Sr. Alice St. Hilaire
A woman entering her candidacy with the Sisters of Providence is likely to meet Sister Alice St. Hilaire during the process.
A former music teacher, Sr. Alice has had a role in formation, helping introduce the community to women who are exploring their charism. She does spiritual direction and retreat work and is coordinator of the Intercommunity Vocation Committee.
In her spare time, the Yakima, Washington, native enjoys walking, talking, flower arranging, crafts and friendly games of Scrabble. Her sister, Lucy, is also a Sister of Providence.
We spoke with Sr. Alice about formation and her reflections on community.
How does the Formation Team help women who are entering as a candidate?
We give them an opportunity to experience what religious life is like. They get a good idea of what it's like living in community with the sisters. They learn the importance of community involvement with other sisters so they experience full participation, not as a guest but as a member. We invite them to explore opportunities and ask questions. We also have a candidate class once a week.
I've enjoyed the opportunity to journey with people and coming to know them well. Each person is unique, with much to offer and much to learn. It is a privilege to assist in the introductory year of Providence community life.
What else do candidates experience?
Coming in as a candidate is simply the next step in the discernment process. The women may know that God has given them something special, but they may need to explore it. We help them with that and help them to be honest with themselves. They need to know that if they enter and begin to have doubts or decide not to stay, that isn't some sort of infidelity or a letdown. You don't become a candidate and the decision is made. The decision to enter is made with an openness to continue to discover what God is calling you to do.
How was community life different when you entered the Sisters of Providence?
When I entered in 1948, our life was very highly structured and we all lived together in a large convent. For the most part, those who lived in the same convent were engaged in a ministry together. We prayed together and had spiritual reading out loud. Except for special feasts, breakfast was eaten in silence.
How would you describe the experience of living in community?

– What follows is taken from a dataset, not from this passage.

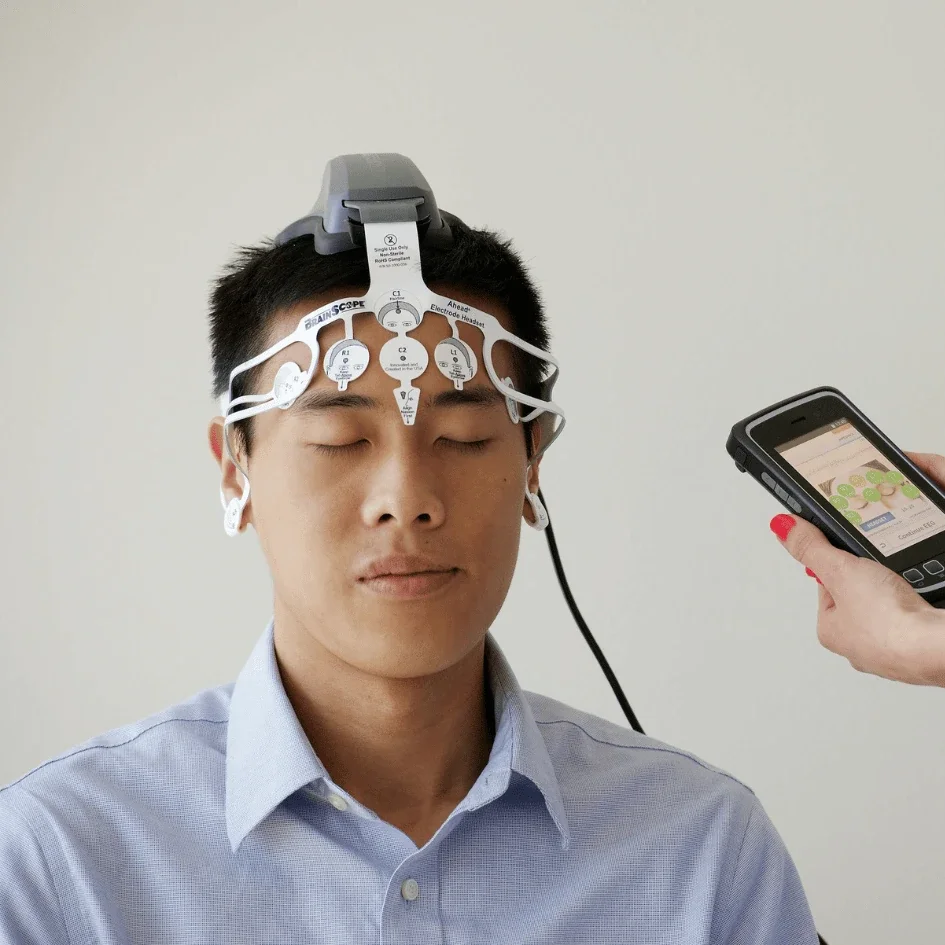 Man participating in an EEG test, wearing a cap with electrodes on his head while a person operates a mobile device nearby.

Sister Josie Ramac used to say religious community is the source of the greatest joys and the greatest challenges. I think that is accurate. The joy of community is very life-giving and enriching
What are some of your gifts?
I think I'm a lot like my mother. She was very balanced and '?m blessed with an even temperament. I don't experience extreme highs and lows, and to me that simplifies life a lot. I have a great zest for life. I believe that when you say God provides what we need, it's true. Our gifts may not be just for ourselves. We share our different gifts. Specifically, my gift of hope and joy and optimism is also a gift for others who need it. Someone else gifts me, for example, with her ability to translate a vision into reality.
What are your best memories of community?
My best memories of community include long walks and discussions with my sisters, praying and singing together, sharing stories, experiences, treasured happenings, impromptu fun times, celebration of vow ceremonies and Jubilees, and much more.
What do you enjoy about the Yakima community?
I truly like this community. At the present time, there are 11 of us living in four houses plus two apartments, and one Sister lives with her elderly mother. We represent several generations. We do a lot of things together. After our last chapter meeting, we began weekly faith sharing as a group. It's really good to be able to share that love of God.